We can now use it in our main program and see that it works:

fn main() {
    let s1 = to_lowercase("HeLlO");
    let s2 = to_lowercase("world");
    println!("s1 = {}, s2 = {}", s1.as_str(), s2.as_str());
}

This will display "s1 = hello, s2 = world". Nothing indicates that "world" has not been copied. Let's enhance the program with the matches! macro which can test if some expression matches a pattern, as in a match expression:

fn variant(x: &StringOrRef<'_>) -> &'static str {
    if matches!(x, StringOrRef::Owned(_)) {
        "owned"
    } else {
        "borrowed"
    }
}

fn main() {
    let s1 = to_lowercase("HeLlO");
    let s2 = to_lowercase("world");
    println!("s1 = {}, s2 = {}", s1.as_str(), s2.as_str());
    println!("s1 is {}, s2 is {}", variant(&s1), variant(&s2));
}

The output is now

s1 = hello, s2 = world
s1 is owned, s2 is borrowed

as expected. Neat eh?

Adding a destructor

When an StringOrRef object is dropped (goes out of scope), it will get destroyed: the destructor for every field will be called (if any). For example, if it holds a StringOrRef::Owned variant, the String contained in this variant will be dropped and its destructor will be called, freeing memory on the heap.

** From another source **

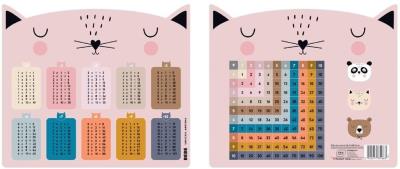 Opakowanie Tabliczka mnożenia 240x210 Friends Girls (10szt)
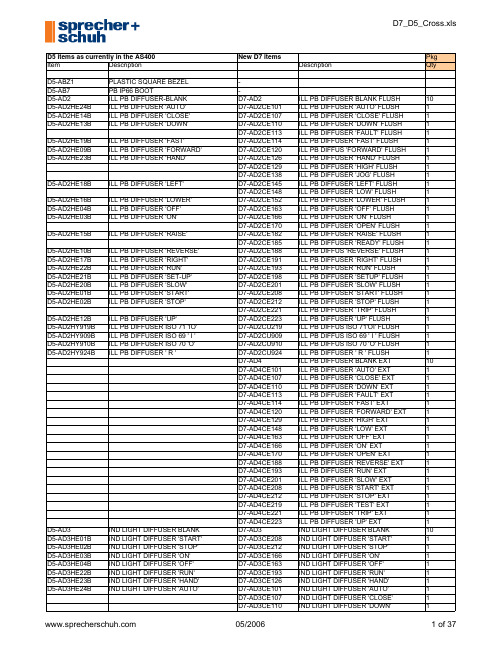 D5和D7系列产品目录说明书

We can visualize what happens by adding a destructor on StringOrRef. It is done by implementing the Drop trait:

#![allow(unused)]
fn main() {
impl Drop for StringOrRef<'_> {
    fn drop(&mut self) {
        print!(
            "Destroying the StringOrRef containing {} which is {}: ",
            self.as_str(),
            variant(self),
        );
        if matches!(self, StringOrRef::Owned(_)) {
            println!("memory on the heap will be freed");
        } else {
            // Dropping a reference doesn't free memory on the heap
            println!("no memory on the heap will be freed");
        }
    }
}
}

If we execute our program, we will now read:

s1 = hello, s2 = world
s1 is owned, s2 is borrowed
Destroying the StringOrRef containing world which is borrowed: no memory on the heap will be freed
Destroying the StringOrRef containing hello which is owned: memory on the heap will be freed

s2 and s1 are destroyed in the reverse order of their creation when they go out of scope. No memory on the heap was ever allocated for string "world", which comes from a read-only memory area and has only been referenced. However, the string "hello" has been built into the heap while lowercasing the string "HeLlO" and needs to be freed: this happens automatically when dropping s1.

Conclusion

Types in Rust are powerful and allow easy memory management without needing a garbage collector. Doing the same thing in C would require extra fields (is the string owner or borrowed, code the deallocation by hand). We will later see even more powerful type manipulation in Rust.